PT se junta com os partidos que apoiaram o Impeachment de Dilma

Mesmo com a ex-presidente Dilma Roussef gerando um enorme discurso, afirmando que sofreu um “golpe” que visava lhe tirar de seu cargo, o PT decidiu se aliar com 15 estados que apoiaram seu impeachment quando a presidente foi cassada e, logo após, sendo concedido o maior cargo da República para Michel Temer. Recentemente, o jornal O Estado de S. Paulo divulgou que o partido da ex-presidente será a cabeça de chapa ao governo em incríveis seis estados, se alinhando aos polêmicos partidos que votaram a favor de sua saída da presidência. Como se não bastasse, nove candidatos a governador que votaram contra Dilma terão o devido apoio do PT.

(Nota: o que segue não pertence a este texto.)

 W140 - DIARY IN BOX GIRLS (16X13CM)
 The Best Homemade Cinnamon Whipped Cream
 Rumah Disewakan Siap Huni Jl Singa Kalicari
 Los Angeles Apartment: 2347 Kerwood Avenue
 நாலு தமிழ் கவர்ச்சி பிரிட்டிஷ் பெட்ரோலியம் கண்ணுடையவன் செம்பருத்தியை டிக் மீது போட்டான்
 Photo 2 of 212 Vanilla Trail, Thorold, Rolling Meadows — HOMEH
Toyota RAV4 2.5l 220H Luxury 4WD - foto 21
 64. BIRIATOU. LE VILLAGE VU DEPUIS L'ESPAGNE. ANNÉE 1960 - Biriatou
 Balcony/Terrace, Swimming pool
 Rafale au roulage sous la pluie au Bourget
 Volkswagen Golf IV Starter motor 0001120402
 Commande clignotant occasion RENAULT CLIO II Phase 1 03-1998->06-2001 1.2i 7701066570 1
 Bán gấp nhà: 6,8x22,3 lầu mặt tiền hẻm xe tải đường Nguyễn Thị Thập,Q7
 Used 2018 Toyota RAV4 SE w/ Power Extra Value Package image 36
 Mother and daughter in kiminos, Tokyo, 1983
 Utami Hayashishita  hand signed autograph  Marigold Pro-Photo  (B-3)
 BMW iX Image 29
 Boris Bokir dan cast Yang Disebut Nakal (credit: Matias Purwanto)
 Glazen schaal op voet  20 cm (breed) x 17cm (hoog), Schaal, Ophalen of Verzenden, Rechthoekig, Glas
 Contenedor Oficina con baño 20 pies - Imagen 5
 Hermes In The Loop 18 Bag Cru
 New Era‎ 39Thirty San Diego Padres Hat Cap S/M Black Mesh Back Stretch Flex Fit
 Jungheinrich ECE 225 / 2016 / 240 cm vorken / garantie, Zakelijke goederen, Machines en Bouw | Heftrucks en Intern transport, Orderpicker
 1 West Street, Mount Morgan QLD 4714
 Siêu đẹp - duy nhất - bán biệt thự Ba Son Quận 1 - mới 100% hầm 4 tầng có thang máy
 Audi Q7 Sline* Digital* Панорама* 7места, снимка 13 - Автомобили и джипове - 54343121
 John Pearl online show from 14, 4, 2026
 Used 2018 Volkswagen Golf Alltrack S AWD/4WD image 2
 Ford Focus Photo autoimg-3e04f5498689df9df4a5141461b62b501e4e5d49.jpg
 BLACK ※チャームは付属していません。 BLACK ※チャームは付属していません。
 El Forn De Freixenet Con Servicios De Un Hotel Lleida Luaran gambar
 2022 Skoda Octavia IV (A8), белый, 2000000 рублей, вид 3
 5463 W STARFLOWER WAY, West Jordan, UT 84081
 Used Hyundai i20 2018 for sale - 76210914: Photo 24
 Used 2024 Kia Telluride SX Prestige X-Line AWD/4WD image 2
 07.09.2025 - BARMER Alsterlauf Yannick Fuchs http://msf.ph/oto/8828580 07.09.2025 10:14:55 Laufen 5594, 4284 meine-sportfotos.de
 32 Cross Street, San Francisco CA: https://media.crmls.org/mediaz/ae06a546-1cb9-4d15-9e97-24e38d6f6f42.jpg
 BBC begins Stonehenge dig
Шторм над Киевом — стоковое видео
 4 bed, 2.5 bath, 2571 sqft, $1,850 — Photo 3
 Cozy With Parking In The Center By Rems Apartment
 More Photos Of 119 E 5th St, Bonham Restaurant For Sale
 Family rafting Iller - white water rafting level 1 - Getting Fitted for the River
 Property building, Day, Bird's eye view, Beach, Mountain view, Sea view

Entre esses noves, há diversos partidos, sendo eles, PSD, PR, MDB e Rede. Quatro desses, no entanto, são do PSD, que quando houve o escândalo do impeachment em 2016, votaram como favoráveis ao afastamento de Dilma. Entretanto, recentemente o PSD, que tem uma história de apoio aos petistas, resolveu ter um acordo com o PT, com o intuito de não apoiar formalmente nenhum candidato a presidência.

Tal frieza do PSB isolou mais um candidato ao cargo maior no Palácio do Planalto, que dividira votos entre a esquerda, o ex-ministro Ciro Gomes (PDT). Em outras palavras, o PT espera um apoio a candidatura tão sonhado do ex-presidente Luiz iNácio Lula da Silva, – que até então não pode se candidatar pelos escândalos de corrupção envolvido, ou até mesmo, seu subistituto escolhido pelo partido, o ex-prefeito Fernando Haddad.

Sendo questionada sobre o assunto, Gleisi Hoffmann, senadora e também presidente do PT negou fortemente que haja interesses eleitorais do partido. “Não há (contradição) porque estamos deixando claro que eles têm de apoiar Lula. Em todos esses casos, tem apoio a Lula e uma autocrítica inclusive.”

Para a surpresa de muitos, o PT terá ao todo, seis candidatos próprios a governador, que inclui partidos que permanecem ou foram aliados de Temer, sendo eles: Marcus Alexandre (Acre), Rui Costa (Bahia), Camilo Santana (Ceará), Wellington Dias (Piauí), Fernando Pimentel (Minas Gerais) e Fátima Bezerra (Rio Grande do Norte).

Já caso do Ceará, é algo bastante emblemático. Em aversão a cúpula, o PT local apoia a candidatura de José Pimental, visando não atrapalhar nenhum plano do presidente do Senado, Eunício Oliveira, que também é candidato a reeleição. Os partidos se aliarão de forma informal, também envolvendo no acordo um palanque para Ciro Gomes, que tem uma grande popularidade por ser ex-governador do Estado.